Oct 26th, 2017
There is no question that the Internet of Things (IoT) has revolutionised commerce, providing service providers with a direct, vibrant and immediate channel of interaction with customers – and immediate gratification for consumers! However, the internet is under threat from evolving cyber threats and IoT security is of growing concern to the market.
This is according to Paul Evans, CEO of Redstor, an international data management and security specialist firm.
Evans says given that IoT devices need internet to function, perhaps the real issue is around how to secure a network and ensure that it cannot be accessed by an unauthorised individual?
“Maybe so, however, for organisations of all sizes IoT can mean something slightly different; network connected devices such as printers, CCTV, webcams and Wi-Fi routers represent the IoT landscape as it currently stands for businesses and in every-day office life there seems nothing threatening about this,” he continues.

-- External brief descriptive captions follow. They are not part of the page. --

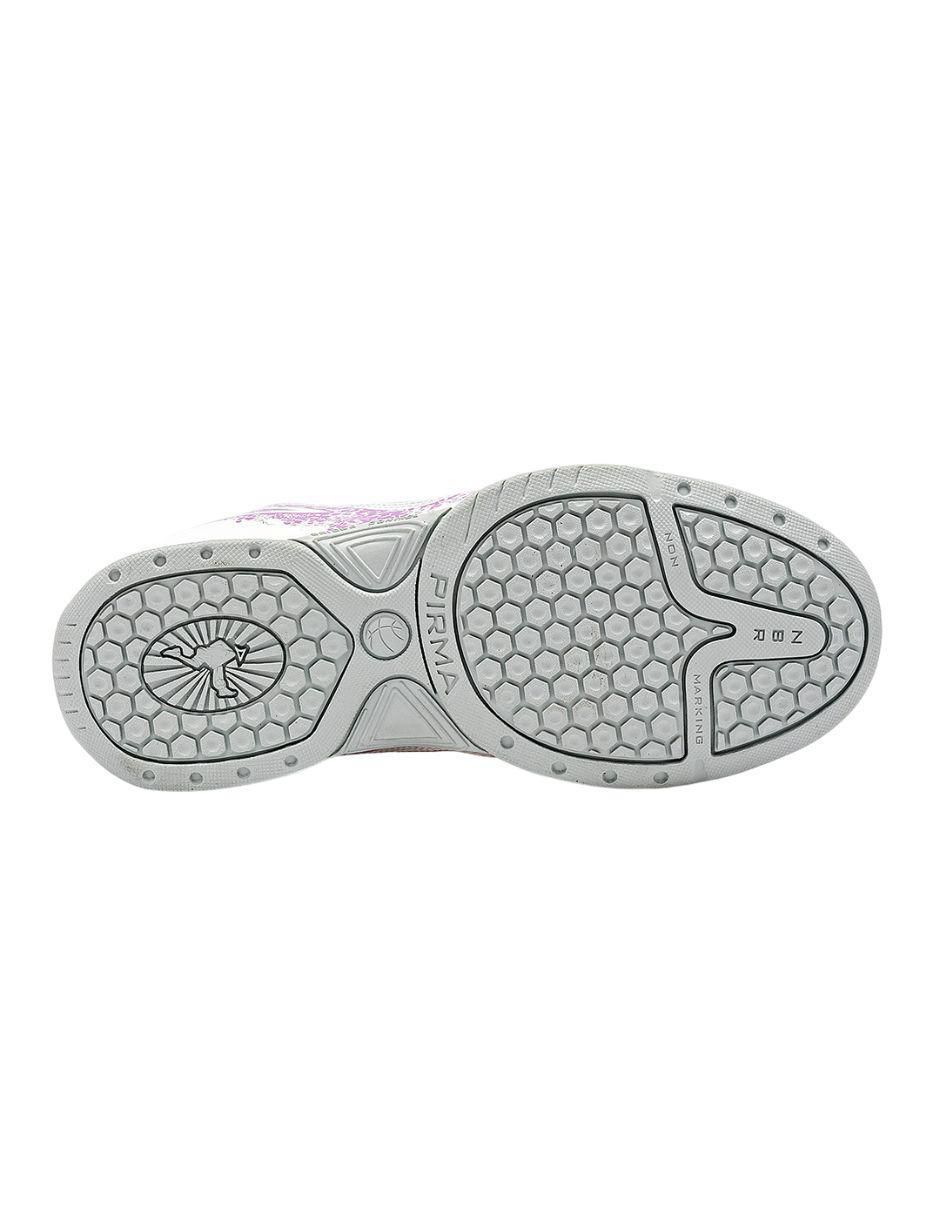 Tenis para mujer 3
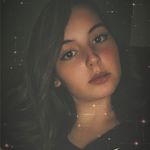 Profile Picture of Chloe Garrett (@itz_yo_girl_chloe5) on Instagram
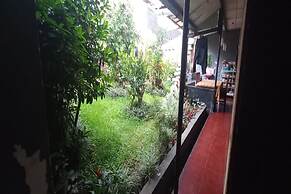 SPOT ON 93964 Guest House Pak Gatot 3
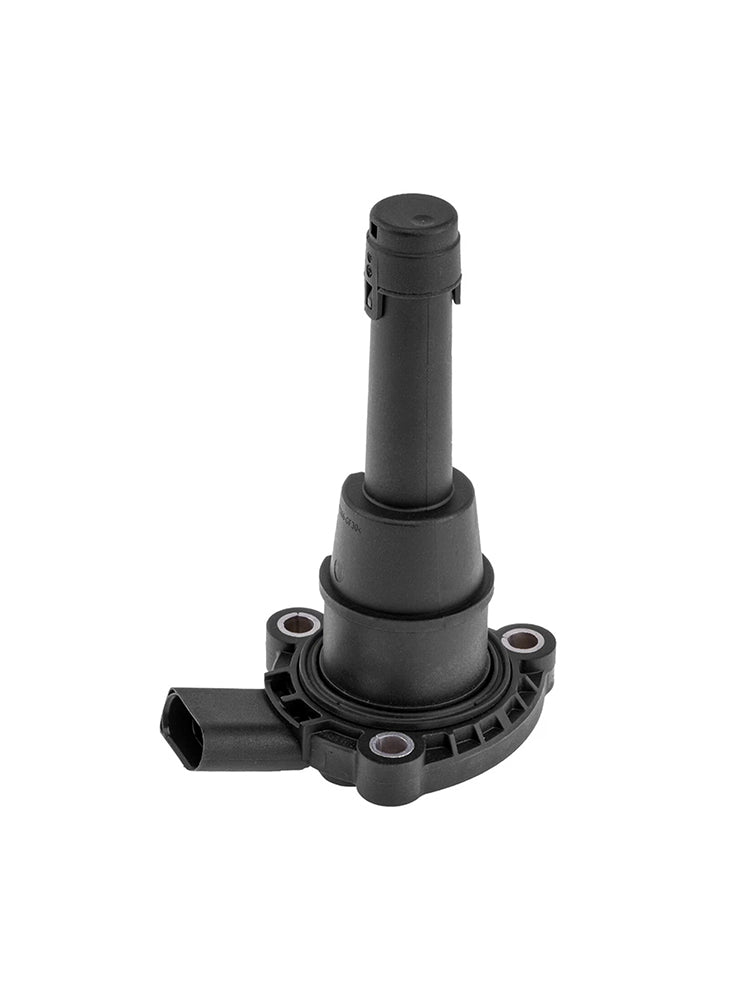 Audi A4 A5 A6 A7 A8 Q5 Q7 3.0 TDI 079907660A Engine Oil Level Sensor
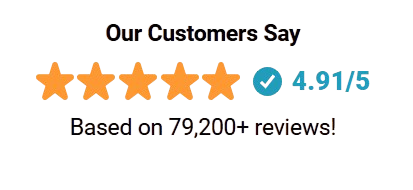 Purdentix Customer Rating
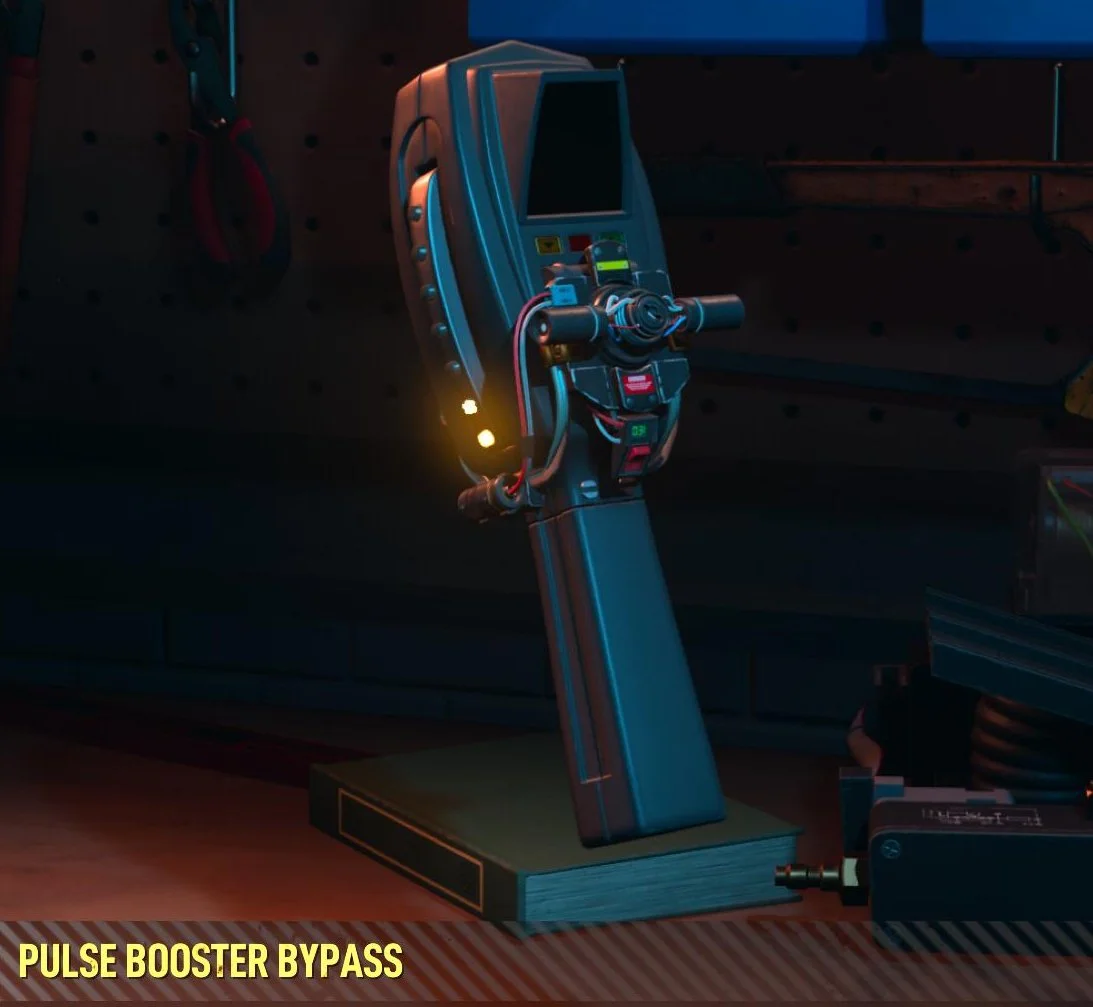 Ghostbusters_ Spirits Unleashed_20221024235731.jpg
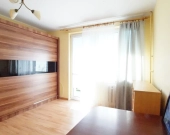 Sprzedaż mieszkanie 2-pokoje z balkonem,niski blok | Zdjęcie 2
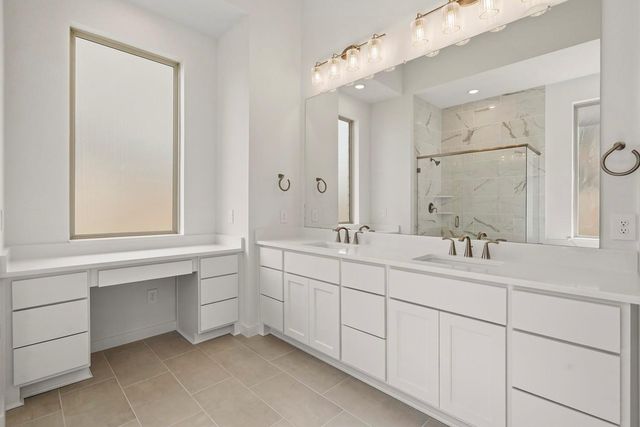 445 Soaring Sparrow Trail, Katy, TX 77493
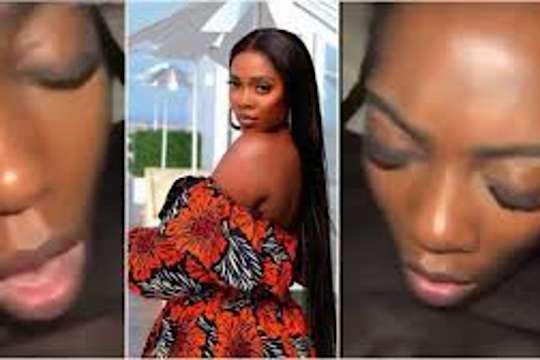 Everyone does it  Tiwa Savage defends her sex rape in new song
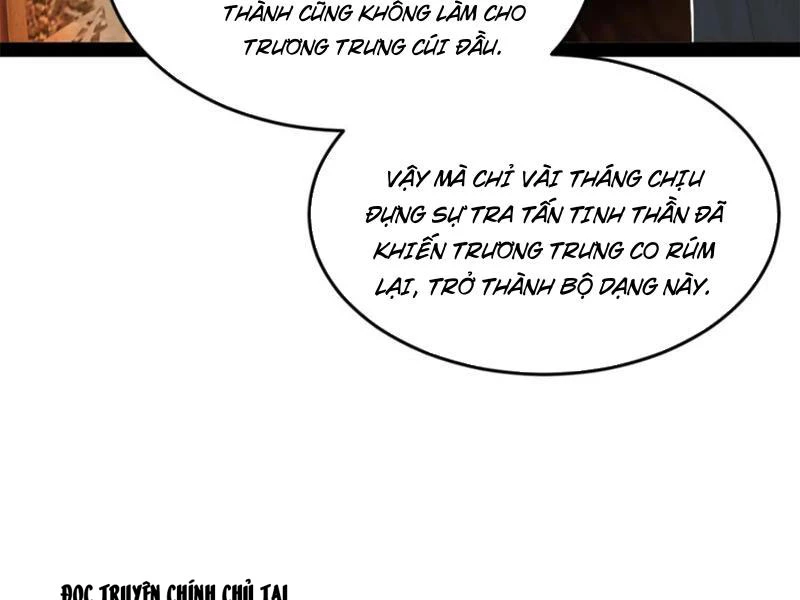 Chàng Rể Mạnh Nhất Lịch Sử Chapter 234 - Trang 4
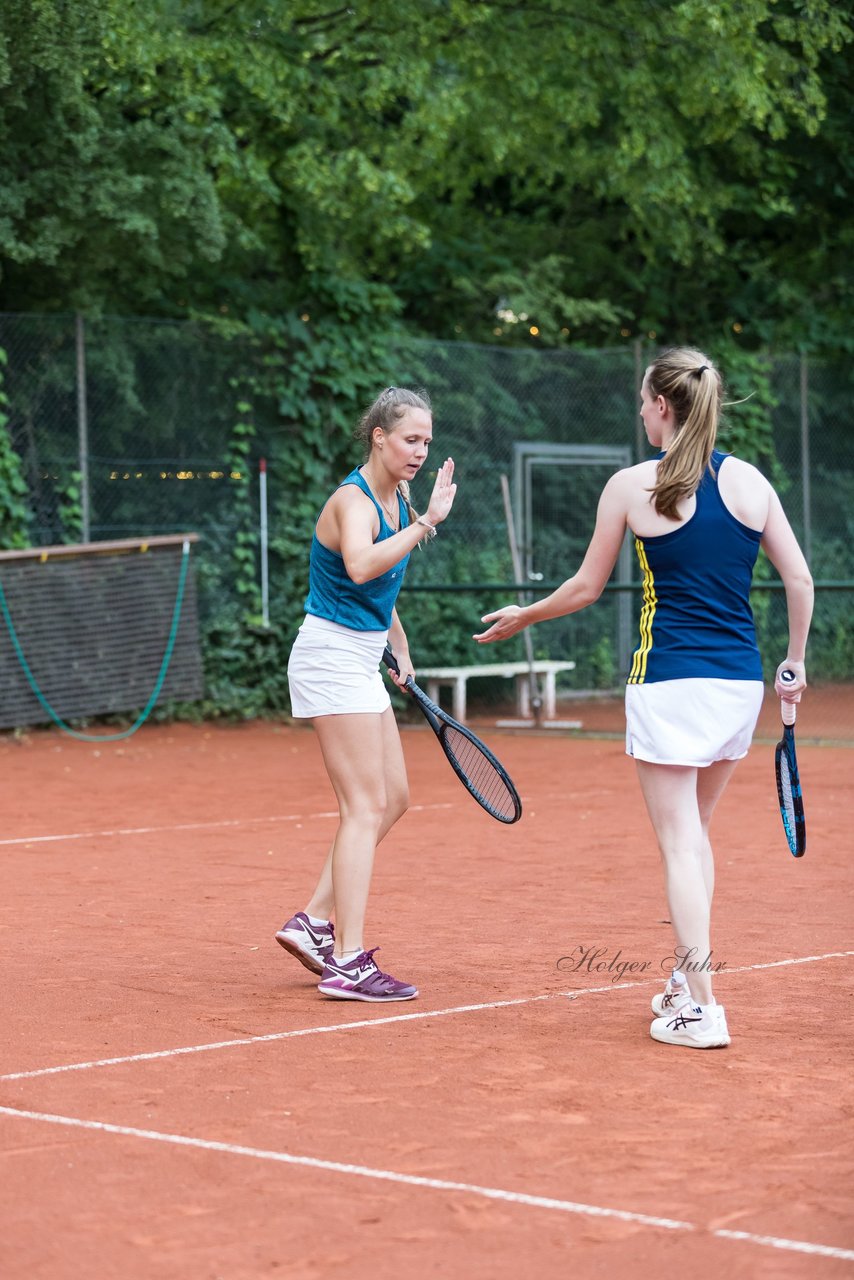 Bild 715 - RL THC von Horn und Hamm - LTTC RW Berlin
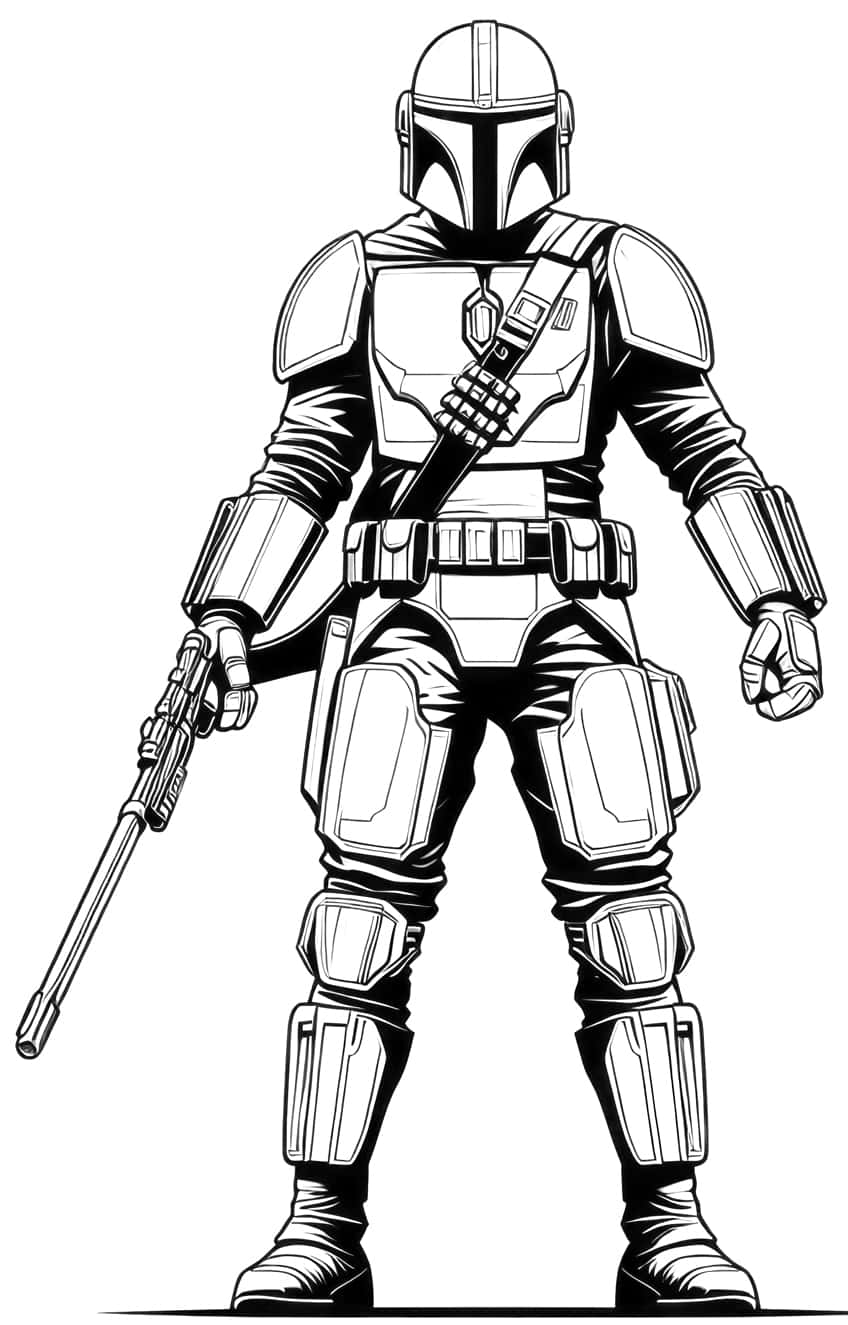 Kawaii Boba Coloring Pages for Adults Unique 66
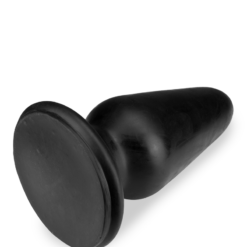 LOVE AND VIBES Plug Anal Géant Big Daddy -Sextoys boutique plug anal geant big daddy 5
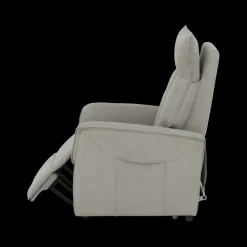 Relaxen|Ygo Relax KOBLENZ Elephant B77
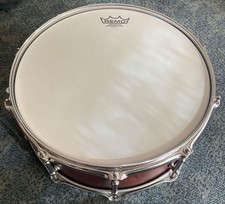 NegiDrums Caisse Claire En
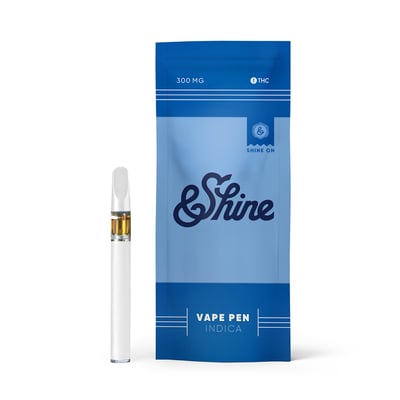 Shop Sky OG [300mg] | The Dispensary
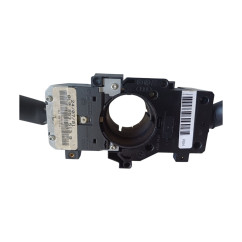 Devioluci VOLKSWAGEN Golf 4 Berlina dal 97 al 03 - 8L0953513G - 2644699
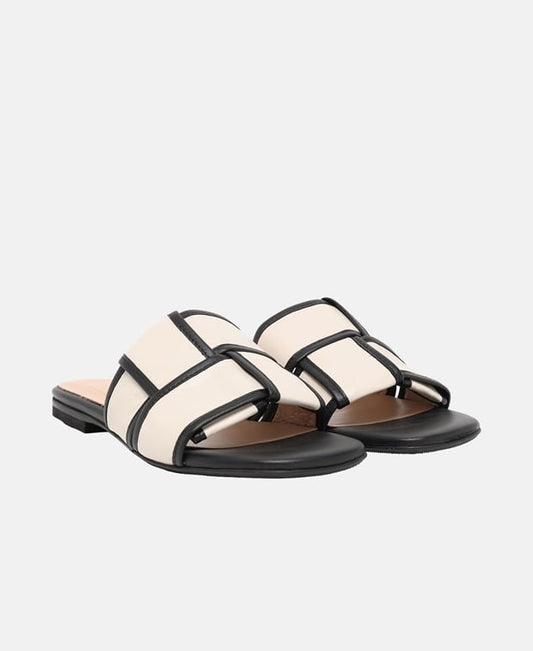 Mules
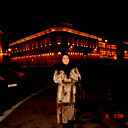 Лариса Чичигина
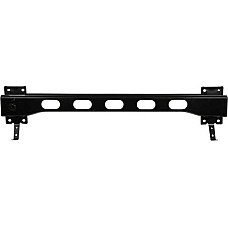 Suport.tampon Intaritura bara Fata otel se potriveste. CITROEN JUMPER I JUMPER II FIAT DUCATO PEUGEOT BOXER 2.0-3.0D 12.01- FIAT DUCATO (250_, 290_), Autobuz, 07.2006 - BLIC 5502-00-2098940P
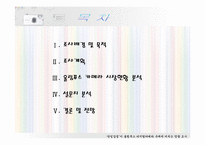 [마케팅조사] `반일감정`이 `올림푸스디지털카메라` 구매에 미치는 영향 조사-2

Redstor says IoT has a shady reputation as far as security is concerned, and known for poor levels and regular hacks.
As Evans explains, hackers have worked out how to transform connected devices into botnets to launch large-scale attacks on other organisations and networks.
The company continues that in 2016, hackers were able to turn over 150,000 IoT devices into botnets and initiate an attack with global repercussions.
“The problem stemmed from poor credential management; the Mirai strain of malware used, took advantage of default passwords and account settings and with relative ease was able access the devices,” Evans says.
While it is difficult to predict when a network could be at risk and even fend off any attacks, it is possible to limit the potential fallout of an attack by taking proactive steps to mitigate risks and effects.
“With IoT devices the solution lies in the way they are set up and administered; hosting IoT devices on a separate network to core business or organisational systems will begin to mitigate the damage that can be done,” Evans continues.
When it comes to IoT and devices, the key thing is to regularly update passwords and this cannot be basic or obvious.
Network monitoring tools can also be implemented to help assure the protection of office devices.
Redstor says whilst this may not stop an attack it may pick one up, and flag up any vulnerabilities within systems allowing network managers to patch and prevent future attacks.